Now, I let $X_\lambda=\{X:|f|\geq\lambda\}$ and tried to consider the inequalities

$\displaystyle \int_X |f|^p\text{ d}\mu\geq \int_{X_\lambda} |f|^p\text{ d}\mu\geq \int_{X_\lambda} \lambda^p\text{ d}\mu=\lambda^p \mu(X_\lambda)$

The expression on the left side is finite, but as far as I can tell, this doesn't give much information about the expression on the right. At this point, I'm at a loss on this problem, so I would appreciate if anybody had some suggestions.

Thanks.

2. Originally Posted by roninpro
Hello. I am working on the following problem:

Let $(X,\mathcal{A},\mu)$ be a measure space and let $f$ be an extended real-valued $\mathcal{A}$-measurable function on $X$ such that $\int_X |f|^p\text{ d}\mu<\infty for some p\in (0,\infty)$. Show that $\lim_{\lambda\to \infty} \lambda^p \mu\{X:|f|\geq \lambda\}=0$.
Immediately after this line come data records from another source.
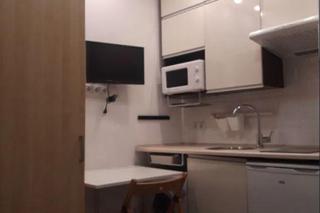 10-metrowa mikrokawalerka na Woli w Warszawie. Cena klitki zwala z nóg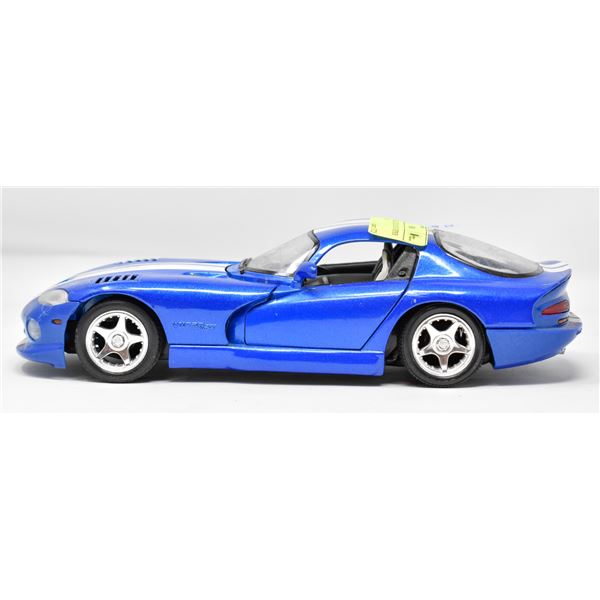 1/18 SCALE DIECAST DODGE VIPER GTS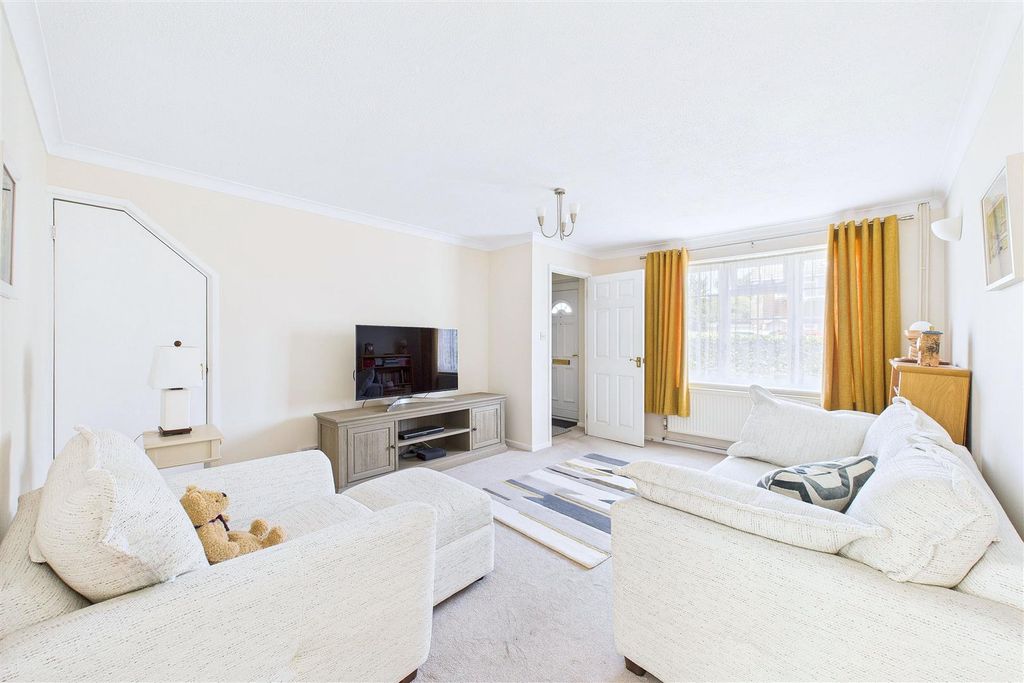 Property photo 2 of 15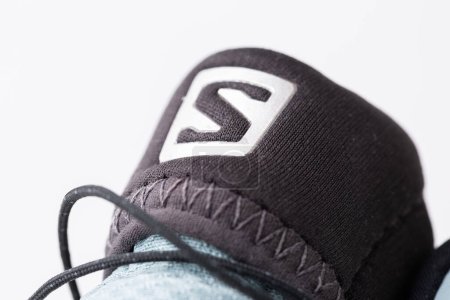 Téléchargez les photos : Nouvelles chaussures de trekking de la marque Salomon, imperméables avec une membrane gore-tex sur fond blanc. - en image libre de droit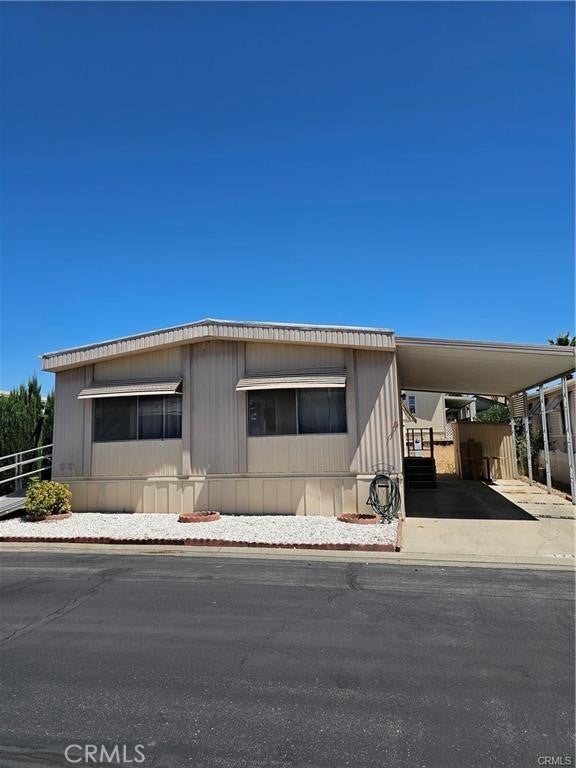 Photo of Listing #IV25241464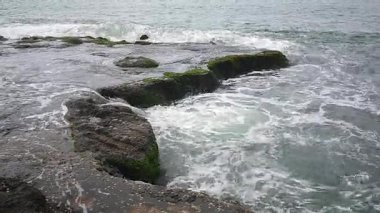 Phuket plaj denizi, yaz aylarında deniz manzarası. Karon Sahili, Phuket, Tayland.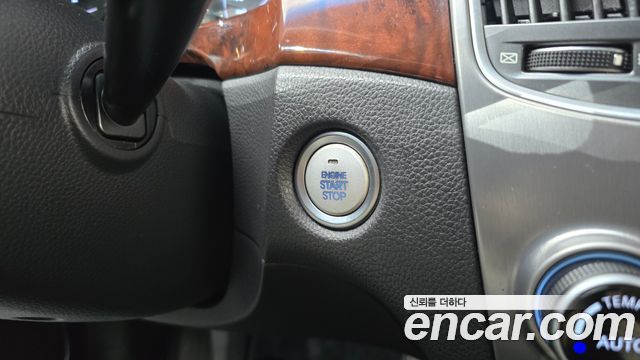 Hyundai Equus 2012 — photo 27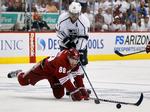 NEDLAGT. Den femte kamp blev afgørende, da Mikkel Bødker og Phonex Coyotes blev nedlagt af Los Angeles Kings og Anze Kopitar. 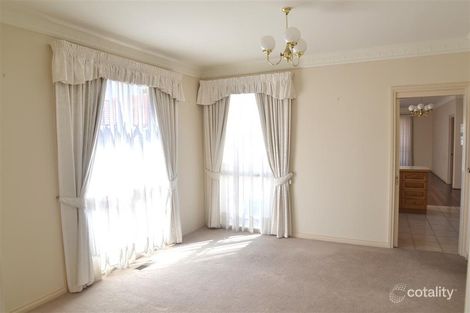 Property photo of 5 Lowana Crescent Forest Hill VIC 3131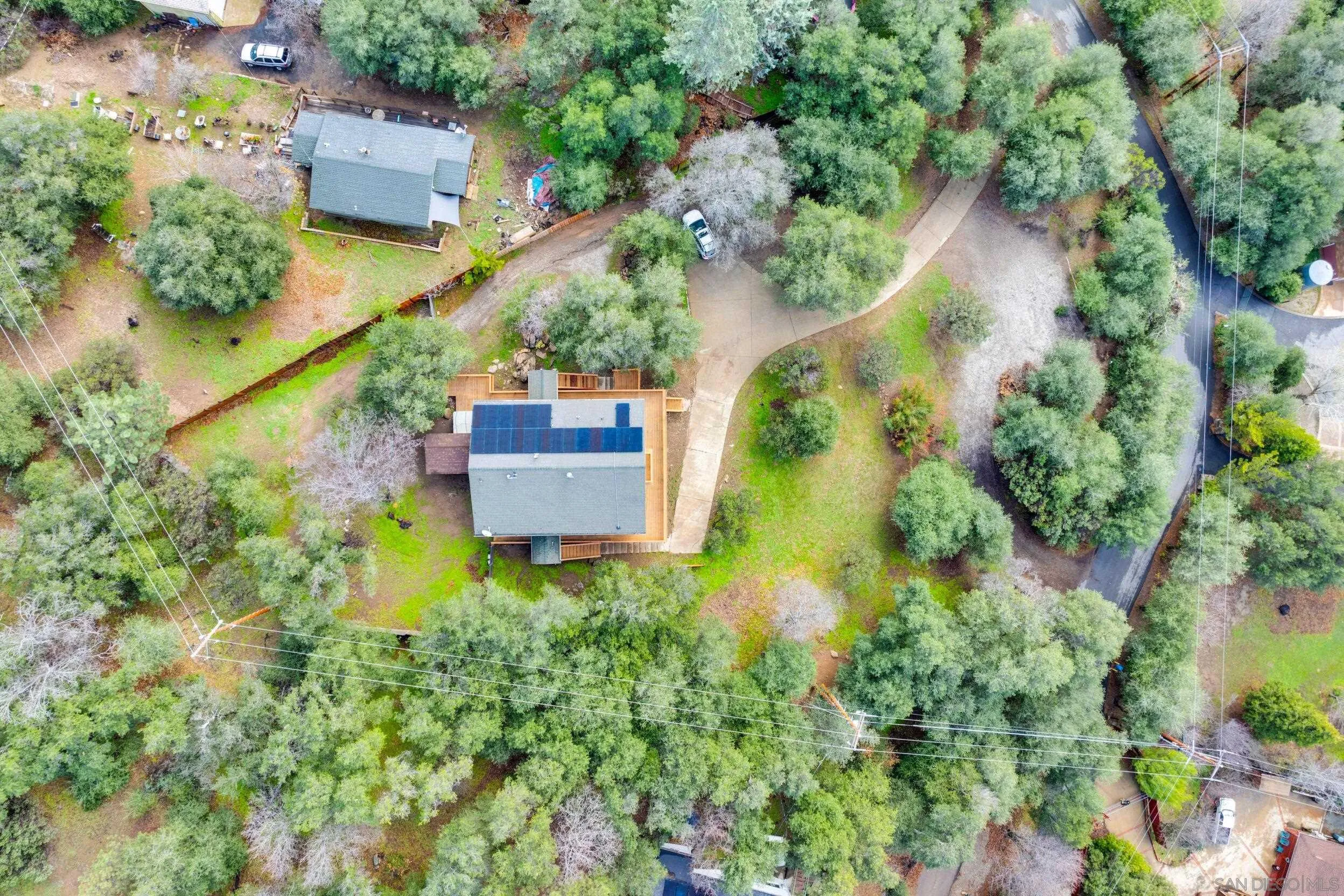https://cdn.realtyfeed.com/cdn/127/260003288/a5d5e9f8b866af82e69a40946e165962.webp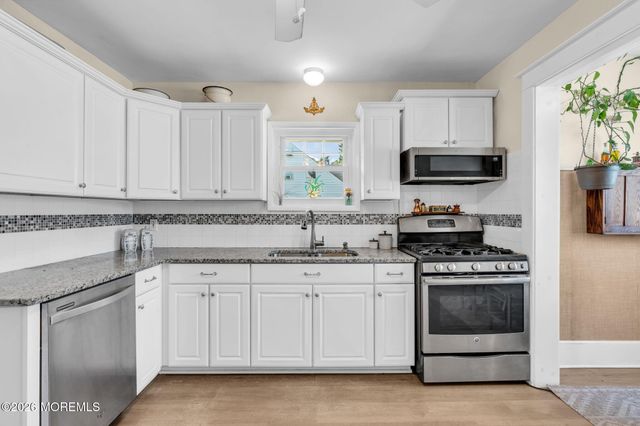 39 Highland Avenue, Leonardo, NJ 07737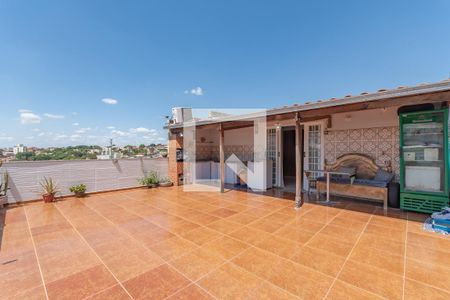 Apartamento à venda com 214m², 4 quartos e 2 vagas Apartamento à venda com 214m², 4 quartos e 2 vagasCobertura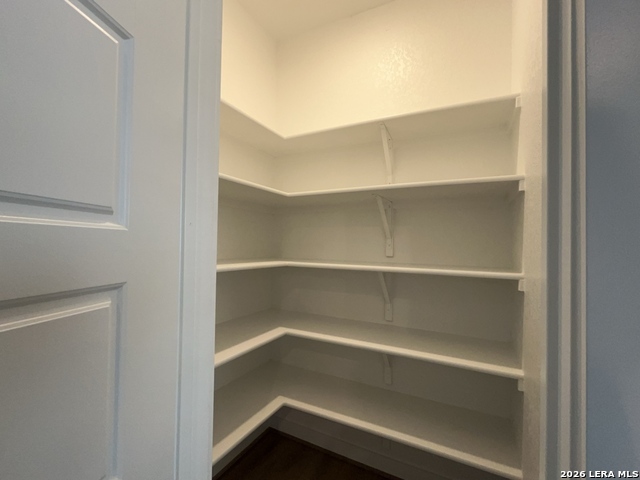 Image 17 of 58 For 5958 Edna Pt.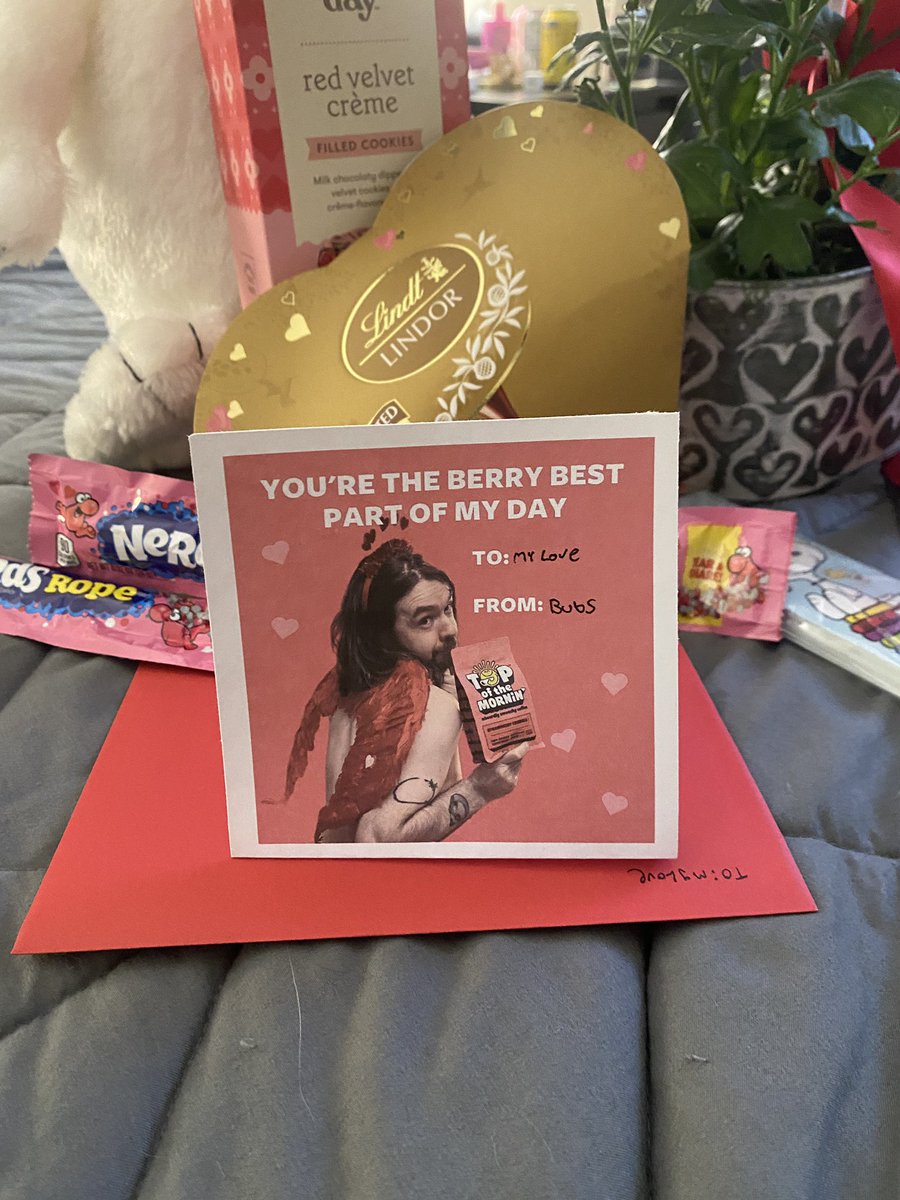 MazapanFox's tweet photo. Came home to find @Jacksepticeye in my Valentine’s Day presents… my husband is the best ♥️ https://t.co/WIzL6WgkGj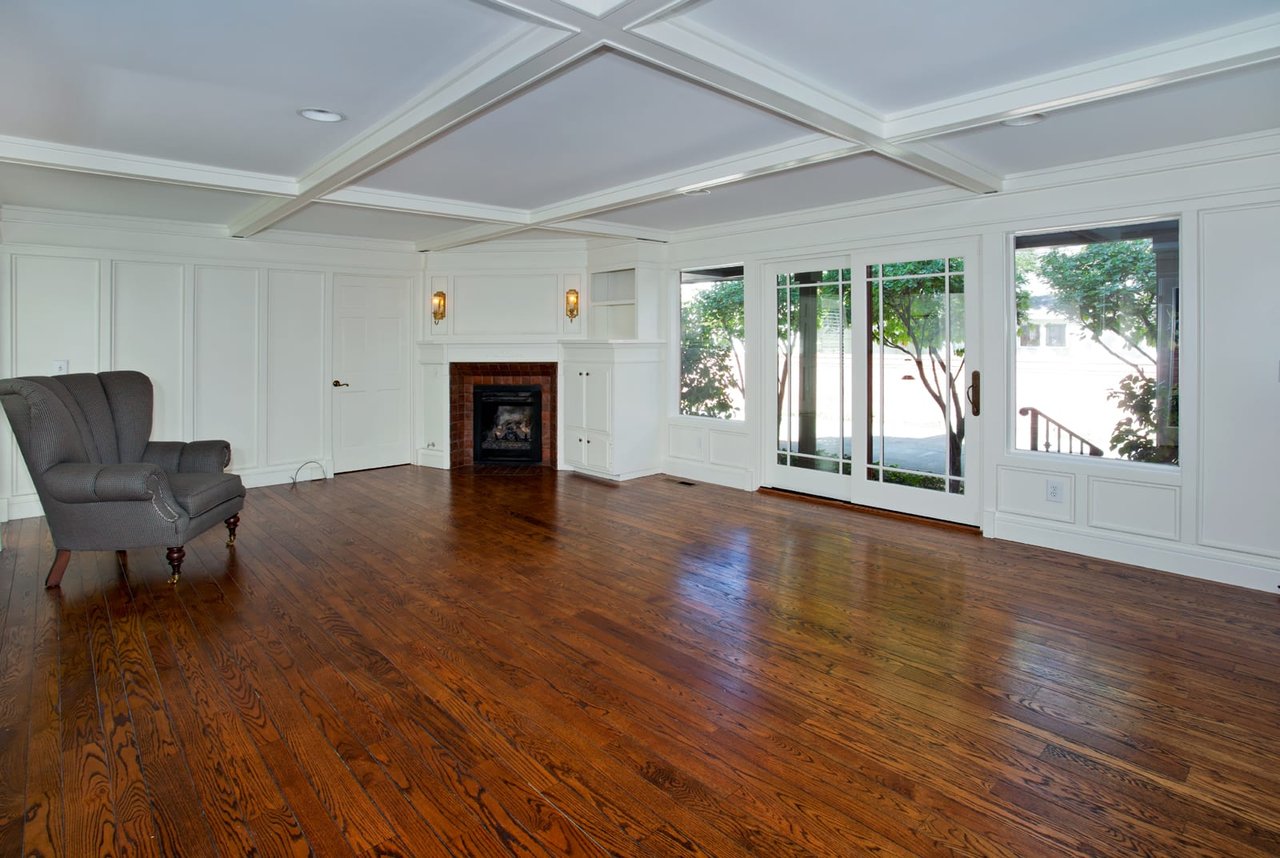1105 McDonald Ave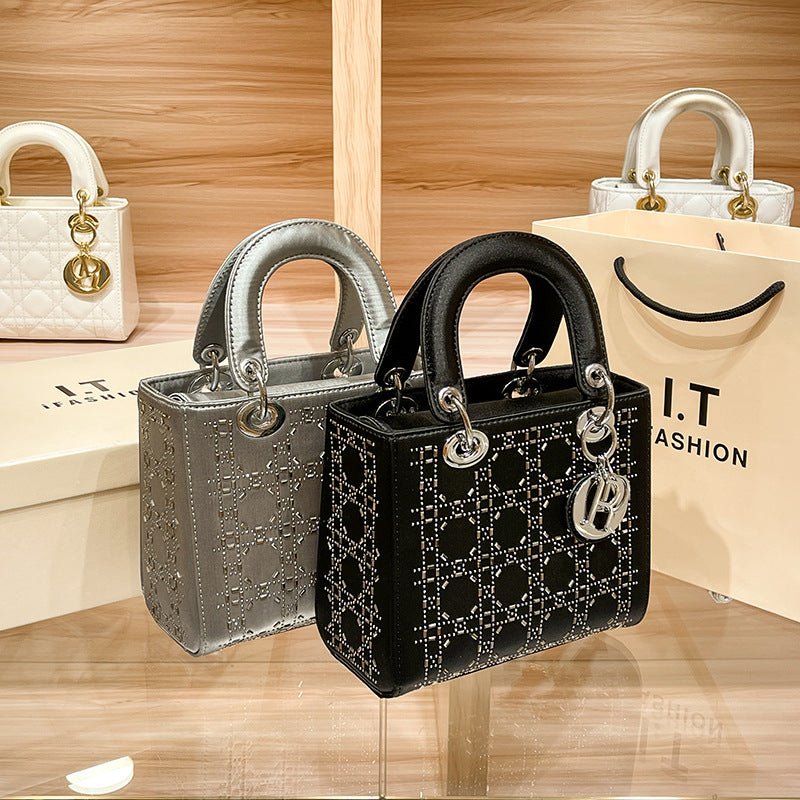 Hot diamond heavy industry high-end satin Princess Diana bag（MAC220）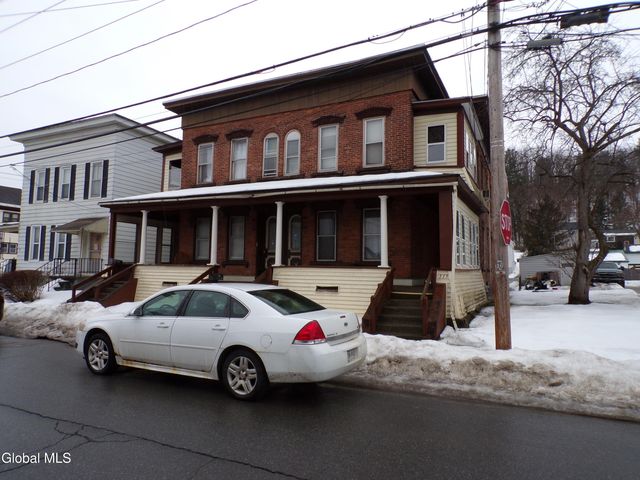 113-115 Florida Avenue, Amsterdam, NY 12010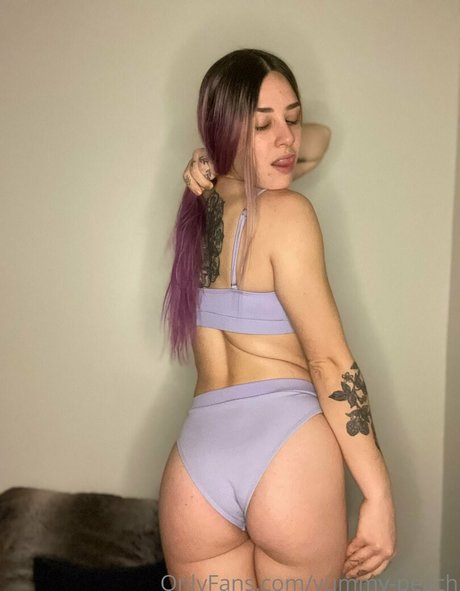 yummy peach hot model galleries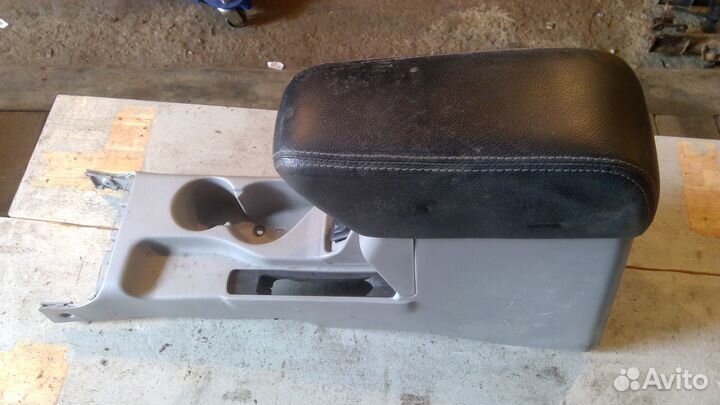 Подлокотник на Chevrolet Lacetti
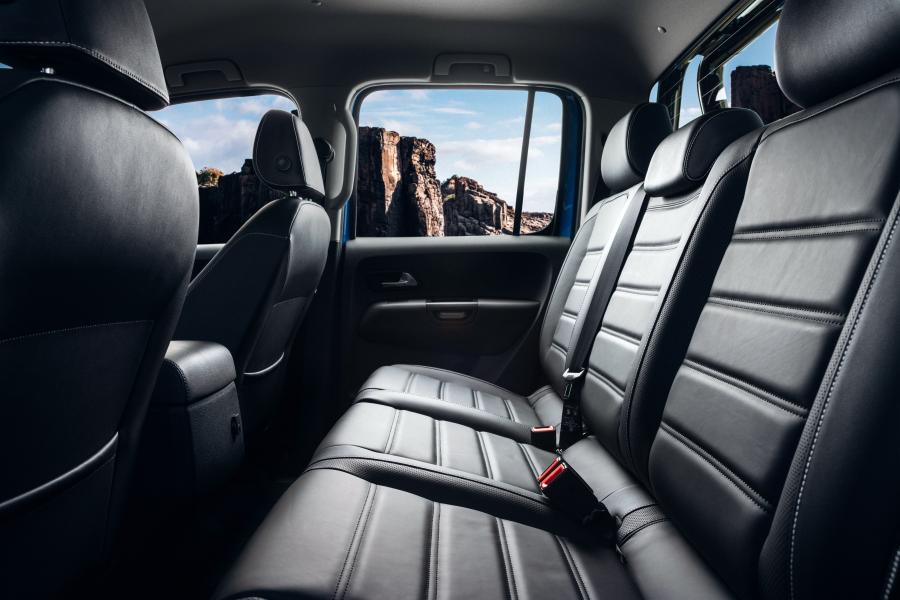 Интерьер Volkswagen Amarok Double Cab Ultimate 2016 года  (AU) (фото 10 из 39)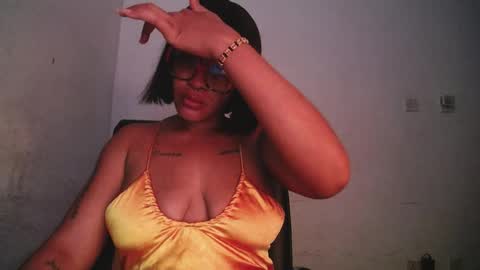 Snapshot of horny_ebonygirl_ chatting on 20, 4, 2026 horny_ebonygirl_ online show from 20, 4, 2026
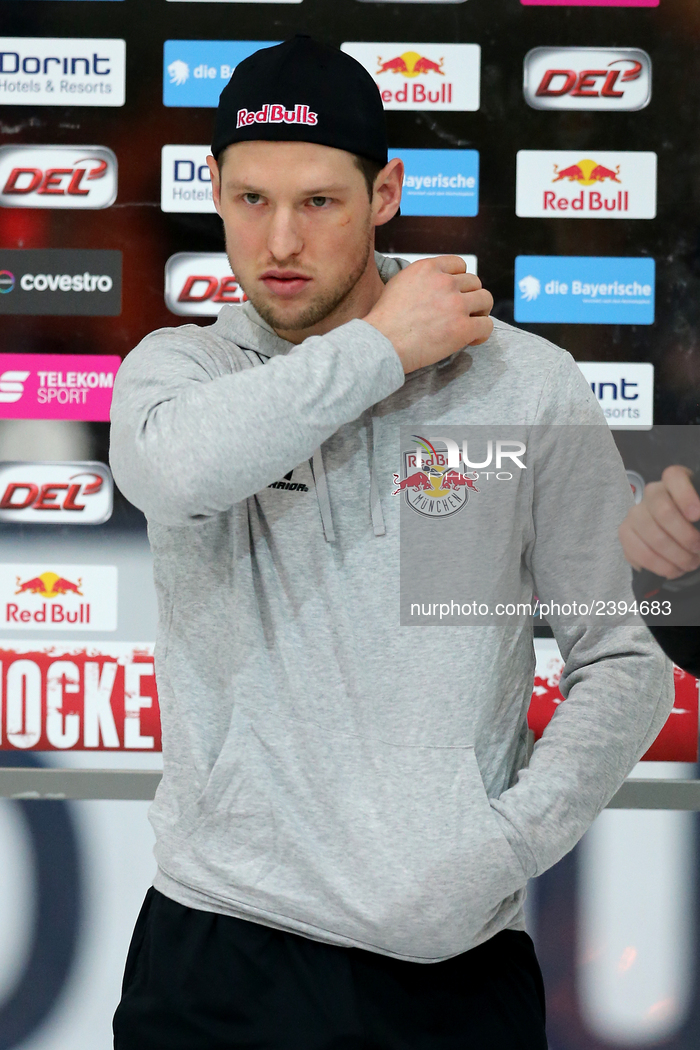 Red Bull Munich v ERC Ingolstadt - German Ice Hockey League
Now, I let $X_\lambda=\{X:|f|\geq\lambda\}$ and tried to consider the inequalities

$\displaystyle \int_X |f|^p\text{ d}\mu\geq \int_{X_\lambda} |f|^p\text{ d}\mu\geq \int_{X_\lambda} \lambda^p\text{ d}\mu=\lambda^p \mu(X_\lambda)$

The expression on the left side is finite, but as far as I can tell, this doesn't give much information about the expression on the right. At this point, I'm at a loss on this problem, so I would appreciate if anybody had some suggestions.

Thanks.
Surely, the second integral from the left goes to 0 as $\lambda \to\infty$, for if $|f|^p$ is integrable, it must be $<\infty$ almost everywhere.

3. Thanks! That was really dumb of me.